Over a dozen Russian cabinet offices will relocate to a cluster of skyscrapers in the sprawling financial district of western Moscow, the Kommersant business daily has reported.
More than two decades in the making, Moscow’s business hub has struggled to fill its office space following the 2008 global financial crisis and Western sanctions on Russia. Government and state-run firms take up a third of Moscow City’s total space, with Russian companies accounting for the rest.
Fourteen Russian ministries and their subordinate agencies will relocate to Moscow City’s high-rises, Kommersant reported Tuesday, citing an unnamed source.
The ministries will occupy 400,000 square meters in the new location instead of the current 600,000 square meters they take up, the source was cited as saying.

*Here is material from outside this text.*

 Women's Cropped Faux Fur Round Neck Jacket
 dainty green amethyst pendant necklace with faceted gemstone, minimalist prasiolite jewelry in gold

The optimized space will cut maintenance costs and ease traffic congestion in central Moscow, they added.
Kommersant did not say when the mass relocation is set to take place. Experts told the outlet that 110,000 square kilometers are currently available for rent and another 488,000 square kilometers are under construction.
Economic Development Minister Maxim Oreshkin, who oversees the relocation, was due to discuss the process with officials for the first time Tuesday, the publication cited an unnamed government official as saying.
Sergei Polonsky, a Russian businessman and one of the Moscow City complex’s founders, told The Moscow Times that the project was not designed to house 14 government ministries.
“Moscow City needs to stop growing in size and to prohibit the construction of new buildings because this is a disaster,” he said.
He added that he and other businessmen are already thinking of constructing a second district of skyscrapers in Moscow.
“Corporate buildings are an ideal place for officials and state employees, but now entrepreneurs also need to create their new territory,” he said. “One’s consciousness is structured within the place where they work. … The transition to a four-day working week and having trees and birds above one’s head instead of concrete — it’s about creating a new space which forms a new consciousness, and this is the main value of the future.”
Not all government agencies will call Moscow City’s glass-and-steel skyscrapers their new home, Kommersant reported.
The Defense Ministry, Interior Ministry and Emergency Situations Ministry do not plan to abandon their headquarters. Neither do the Foreign Ministry and the Federal Archive Agency.
Russia’s Economic Development Ministry, Communications Ministry, Industry and Trade Ministry and three other government agencies moved to Moscow City earlier this year.